Amisulpride, an atypical antipsychotic marketed as Solian in Europe and Australia, is significantly more efficacious than first-generation antipsychotics, according to a meta-analysis that explored the efficacy of 10 second-generation antipsychotics (Davis et al., 2003). Yet, amisulpride is not in clinical trials in the United States, and Ira Glick, M.D., professor of psychiatry and behavioral sciences at the Stanford University School of Medicine, does not believe it will ever be. Amisulpride is just one of the many psychotropic drugs being marketed or developed in other regions of the world.
"There are a number of orphan drugs that won't come here. There is no money in it for the drug companies to bring them," Glick told Psychiatric Times Global Watch in an interview.
For their meta-analysis, Glick and colleagues collected clinical trial literature on patients with schizophrenia published between 1953 and 2002, as well as unpublished data (Davis et al., 2003). They received no financing from pharmaceutical companies for the study. They reviewed 124 controlled, randomized trials (18,272 patients) that compared conventional antipsychotics with atypical antipsychotics, and 18 studies (2,748 patients) of head-to-head comparisons between second-generation antipsychotics.

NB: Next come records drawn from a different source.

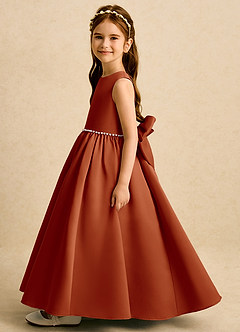 Azazie Daisies Flower Girl Dresses Paprika Ball-Gown Bow Matte Satin Dress image4
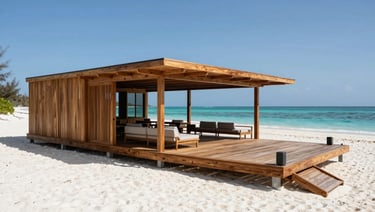 A high-end watersports club on a pristine white sand beach in Zanzibar, premium teak wood deck, modern minimalist design, crisp midday sun.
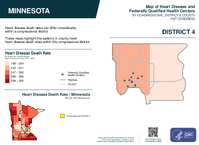 MN Congressional District 04 Heart Disease and Federally Qualified Health Centers Map 119th Congress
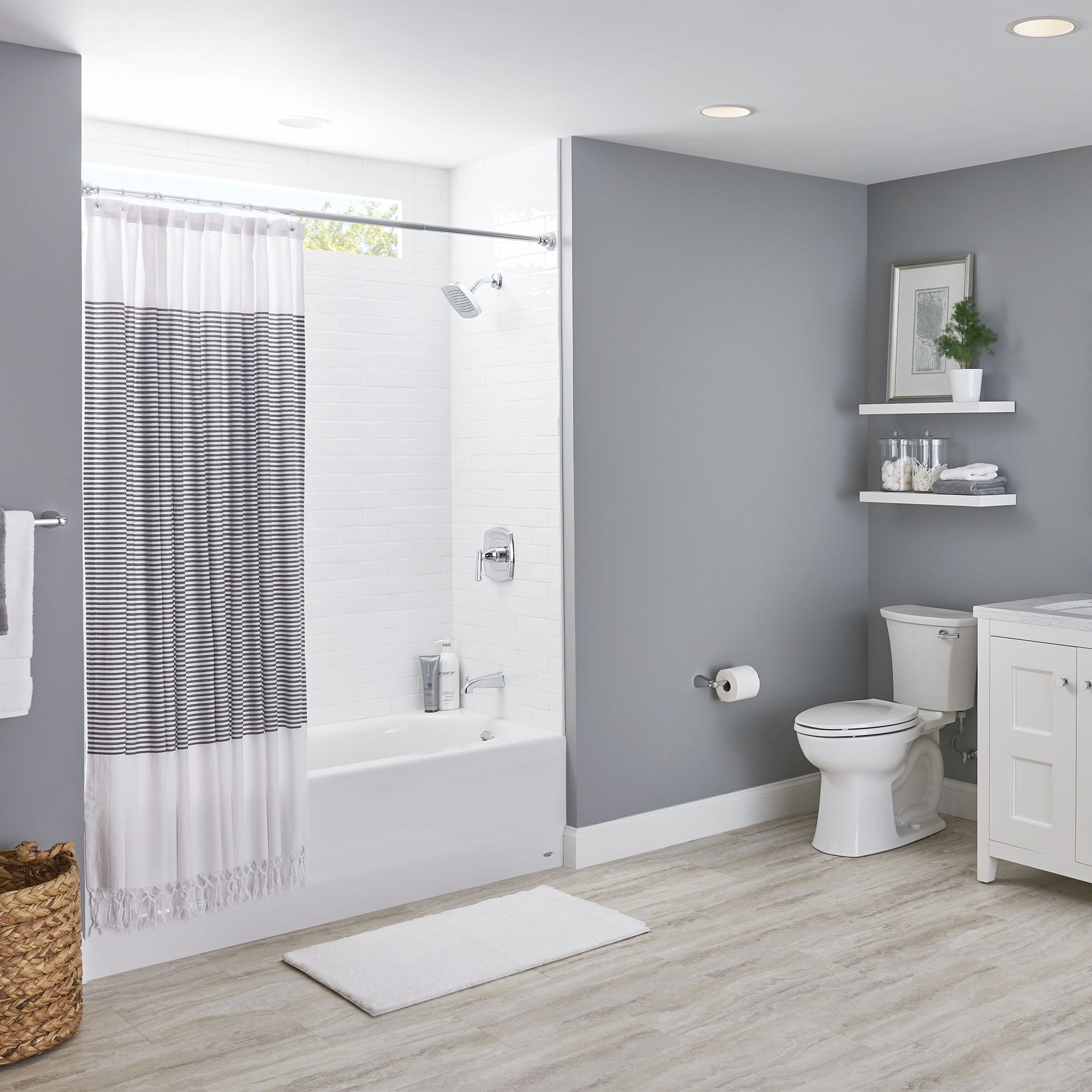 Princeton Americast 60 x 30 Inch Integral Apron Bathtub Above Floor Rough with Right Hand Outlet WHITE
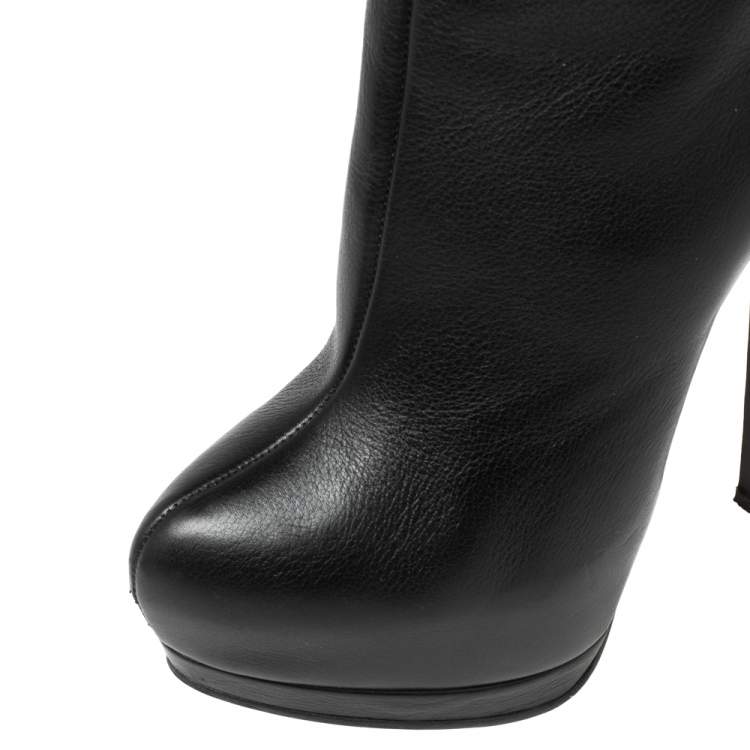 Pre Owned Giuseppe Zanotti Black Leather Over the Knee Platform Boots Size 36.5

There are two findings from the meta-analysis, Glick noted: "One is that the second-generation agents clearly are better than the first-generation agents. They are slightly better for efficacy and clearly have a better side-effect profile, even with the questions about diabetes, lipids and long-term consequences. The second finding we were able to show is that of the second-generation agents, clozapine [Clozaril], amisulpride, risperidone [Risperdal] and olanzapine [Zyprexa] were significantly better than the first-generation agents."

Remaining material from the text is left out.